Work required: Leaving the pictures aside, repeat every line below exactly.

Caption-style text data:

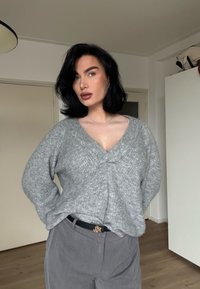 Pull gris en maille avec un col en V, présentant une finition texturée. Associé à un pantalon taille haute gris clair et une ceinture noire.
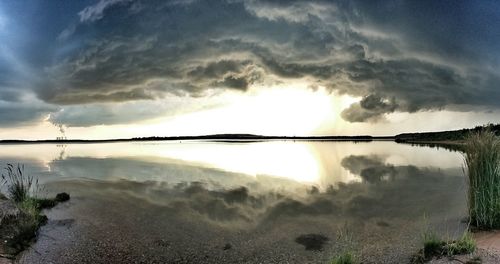 Scenic view of lake against sky during sunset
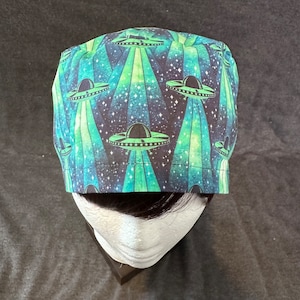May include: A blue and green patterned scrub hat with a design of flying saucers and stars.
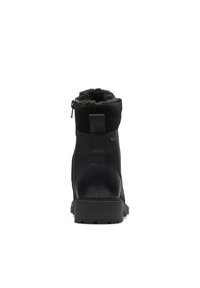 Black ankle boots with a smooth leather and suede exterior, fur-lined collar, and rubber sole. Features a side zipper for easy wear.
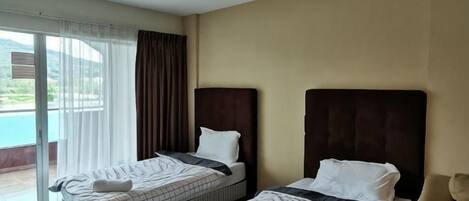 Una habitación de hotel con dos camas, un ventanal con cortinas y vistas al exterior.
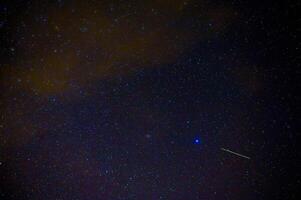 shooting star meteorite comet on background of blue dark starry sky with galaxies and nebulae photo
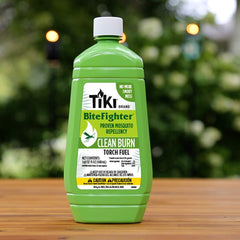 TIKI Clean Burn fuel in a patio torch setup, designed for mosquito repellent use.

Written reply:
 Pull gris en maille avec un col en V, présentant une finition texturée. Associé à un pantalon taille haute gris clair et une ceinture noire.
 Scenic view of lake against sky during sunset
May include: A blue and green patterned scrub hat with a design of flying saucers and stars.
 Black ankle boots with a smooth leather and suede exterior, fur-lined collar, and rubber sole. Features a side zipper for easy wear.
 Una habitación de hotel con dos camas, un ventanal con cortinas y vistas al exterior.
 shooting star meteorite comet on background of blue dark starry sky with galaxies and nebulae photo
 TIKI Clean Burn fuel in a patio torch setup, designed for mosquito repellent use.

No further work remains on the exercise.